Penelope -- My kids have PLENTY of clothes, they have 3 houses worth of clothes. She wears PJs, then school clothes, then play clothes, then a different set of PJs plus undies and socks. For 5 days, then the weekend its normally just PJs and play clothes.

Calliope -- PJs and play clothes all the way for her but we are potty training. So we may go through quite a few pants and undies in one day. Or the random I got my PJs in the toilet.

Elizabeth -- I have resorted to putting her in body suits (onesies) that I refer to as her wearable bibs. Teething, spitting up, starting baby food, randomly spitting milk, and other such things and this girl goes through some clothes.
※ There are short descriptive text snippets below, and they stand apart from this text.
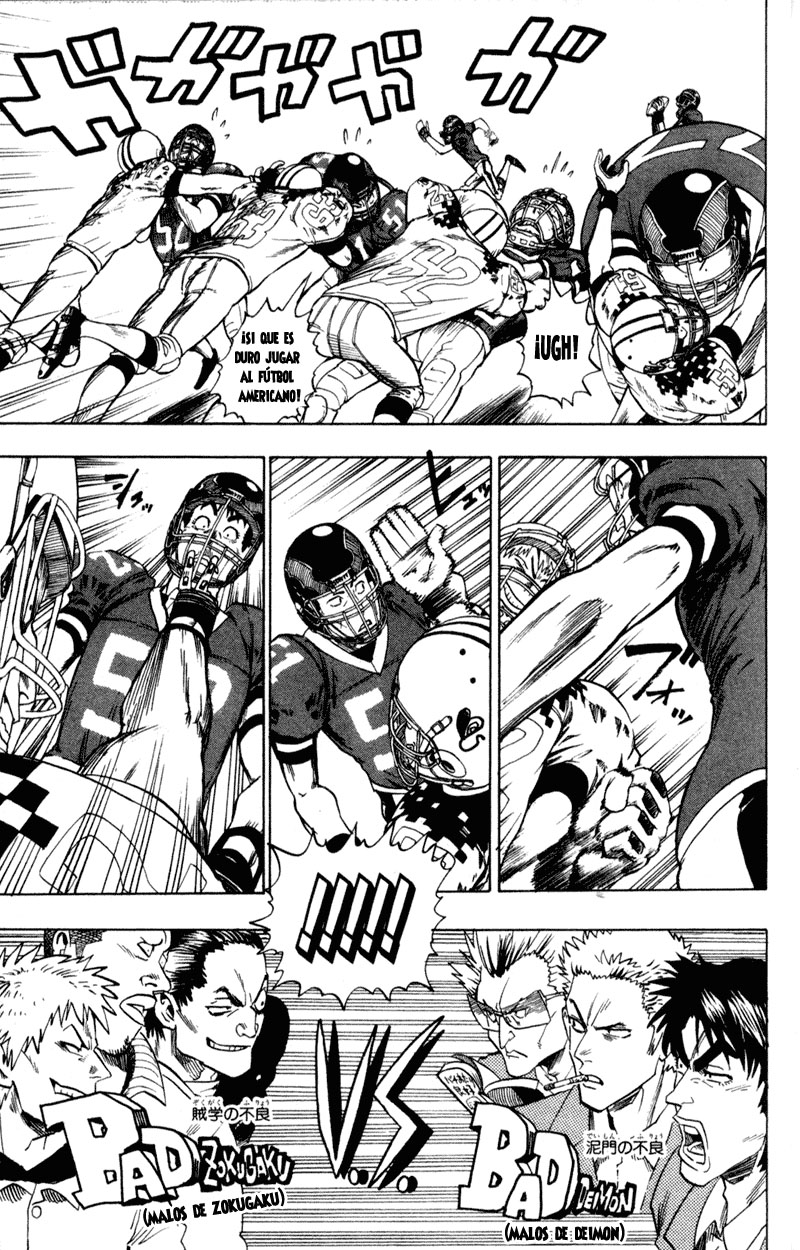 Read Eyeshield 21 es Manga Online
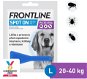 Antiparazitní pipeta Frontline spot-on pro psy L (20 - 40 kg) 1 × 2,68 ml - Antiparazitní pipeta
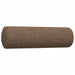 Set de canapele cu perne decorative, 3 piese, maro, textil - WALTI WALTI
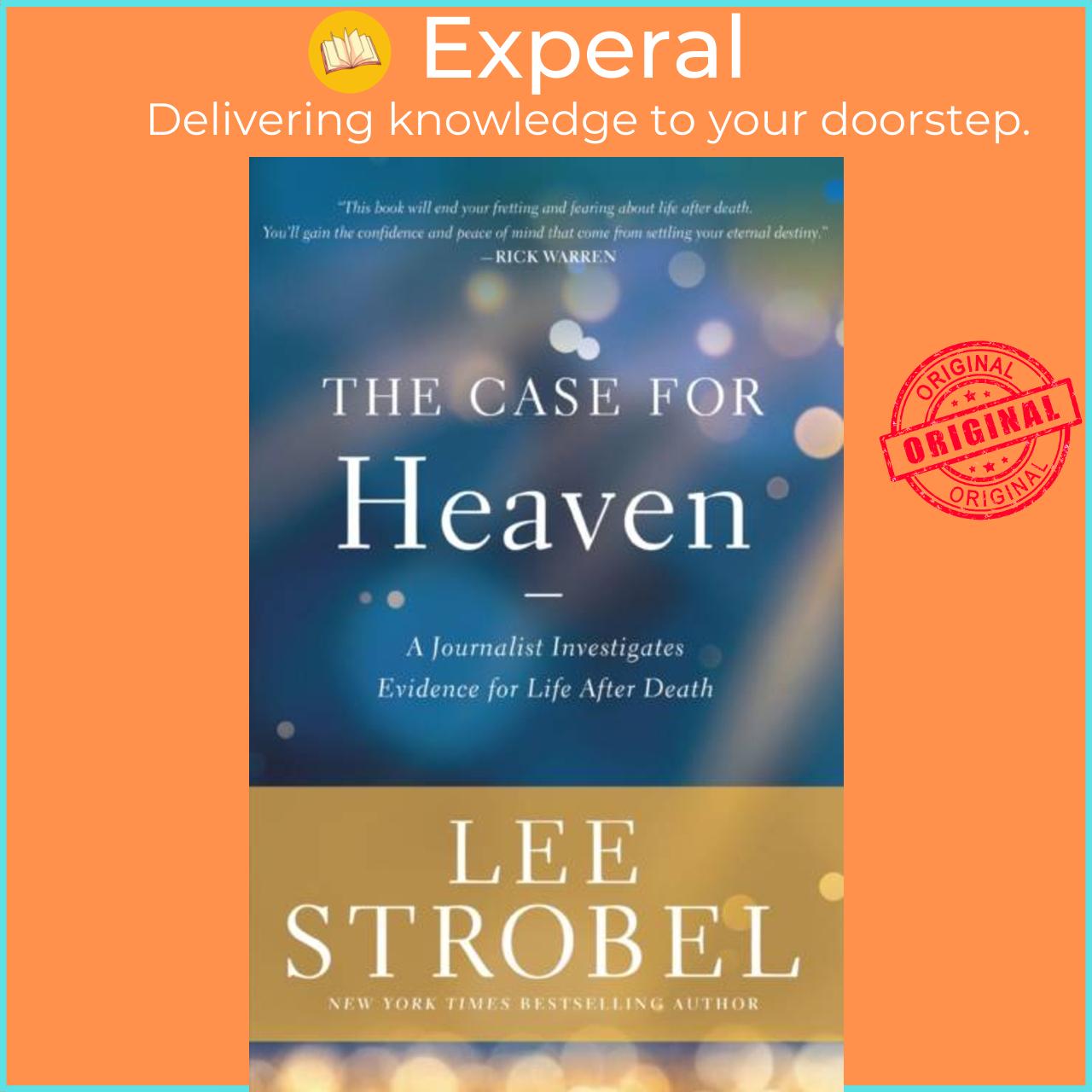 Hình ảnh Sách - The Case for Heaven - A Journalist Investigates Evidence for Life After De by Lee Strobel (UK edition, paperback)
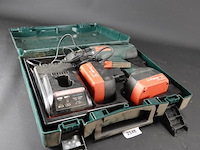 Metabo model bsz 12 incl 2 accu's en lader - afbeelding 4 van  5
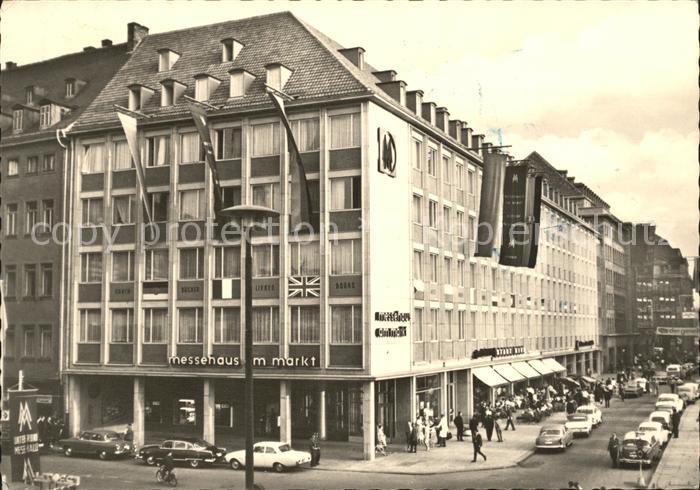 LEIPZIG Sachsen Messehaus am Markt Messestadt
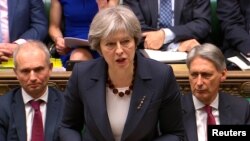 Firaministar Burtaniya Theresa May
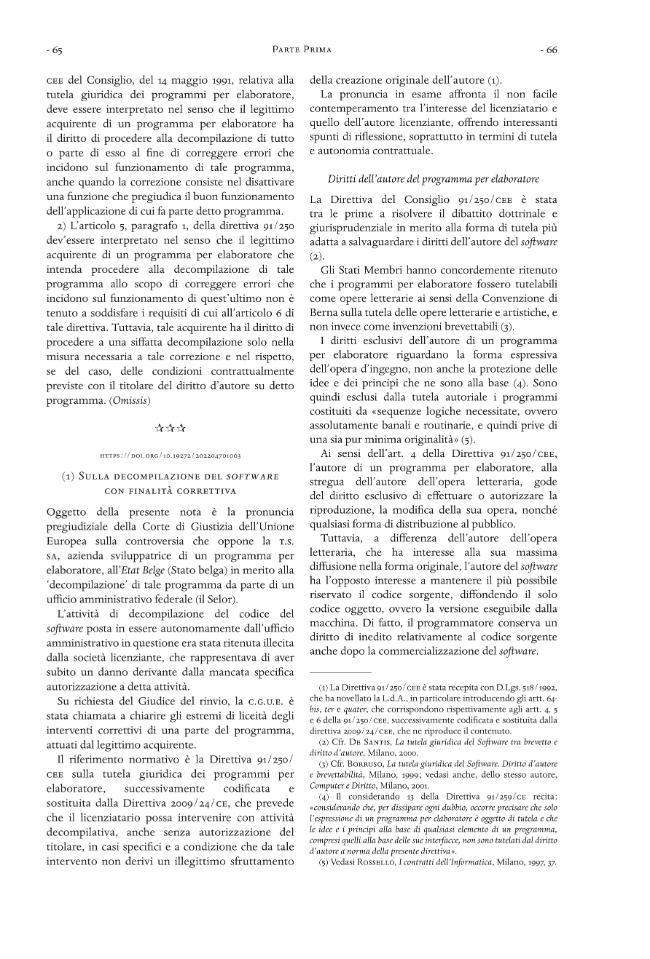 Pagina campione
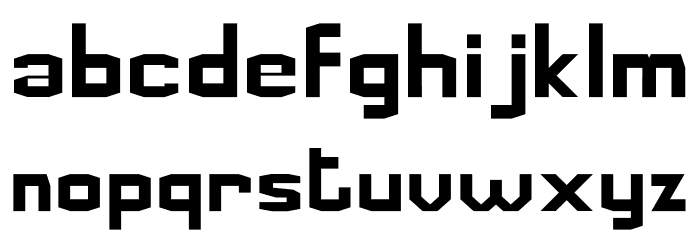 Goldin FinanceDEMO Font LOWERCASE
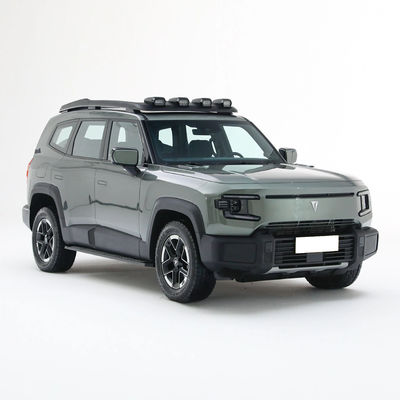 좋은 가격 DEEPAL G318 2024 사륜 구동 공기 서스펜션 버전 5도어 5석 확장 범위 전기 SUV 중형 대형 SUV 레벨 온라인으로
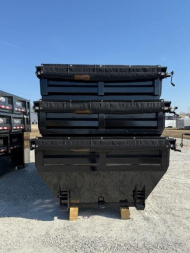 New PJ 14'  ROLL OFF DUMPSTER BIN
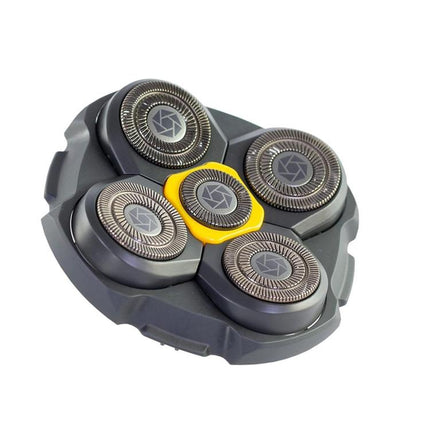Replacement Head For Microtouch Titanium 5-Head Blade System For Bald Men Electric Shaver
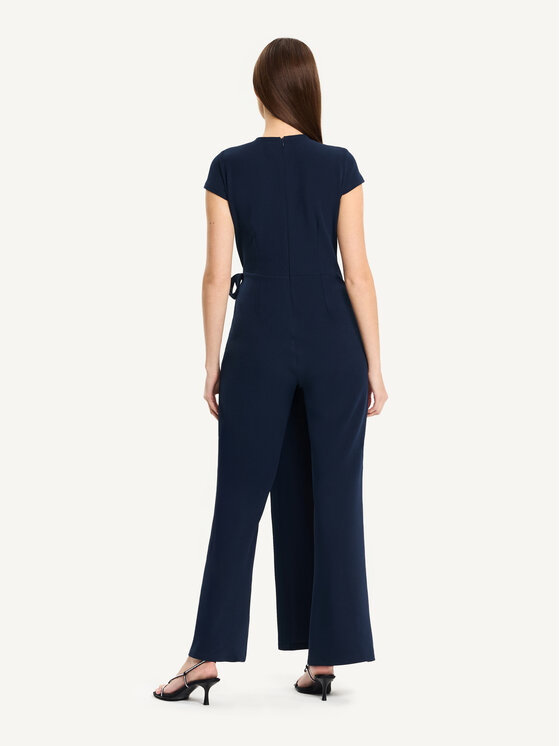 KMX KMX Kombinezon 192280012 Granatowy Fitted Fit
Let's add that I am "given" extra clothes and that laundry day is once a week so it all builds up. I am slowly working on getting my house tightened up so I had to undo the dressers and then refold all that laundry so it now flows better. It takes time, and between wood, chickens, household chores, taking care of myself and my kids, I was told that they didn't know how I did it all. I don't know how I do it all, and sometimes I don't do it all. I prioritize. I have the kids for the next 5 days. I have wood, food, and their clothes ready for them. After the dust settles and they go blissfully on to wreck their dad's and grandparents houses I have to start all over again. Things that need to be replenished are restocked, reorganized and resettled for the next go round. Then I take care of the animals and any of the chores with them I can't get done while they are here (like getting their food restocked and mucking out the coop), then getting the wood settled back into the basement to start drying since I probably used all that I brought in plus some. On top of that I schedule their appointments while I have them and mine when I don't. I go to physical therapy twice a week and I have to do that while they aren't here.

That's the secret life no-one talks about with homesteading. Yes, its fun with animals, gardening, innovating, going around and fixing up the property. But the nitty gritty life that some people who don't have those others things find hard to do by itself still has to get done. It seems like I complain, I don't. I am trying to be as real as I can, it isn't sunshine and roses and to homestead is a commitment that is not an easy task for anyone to undergo. Good luck and may the laundry gnomes not take your lone socks!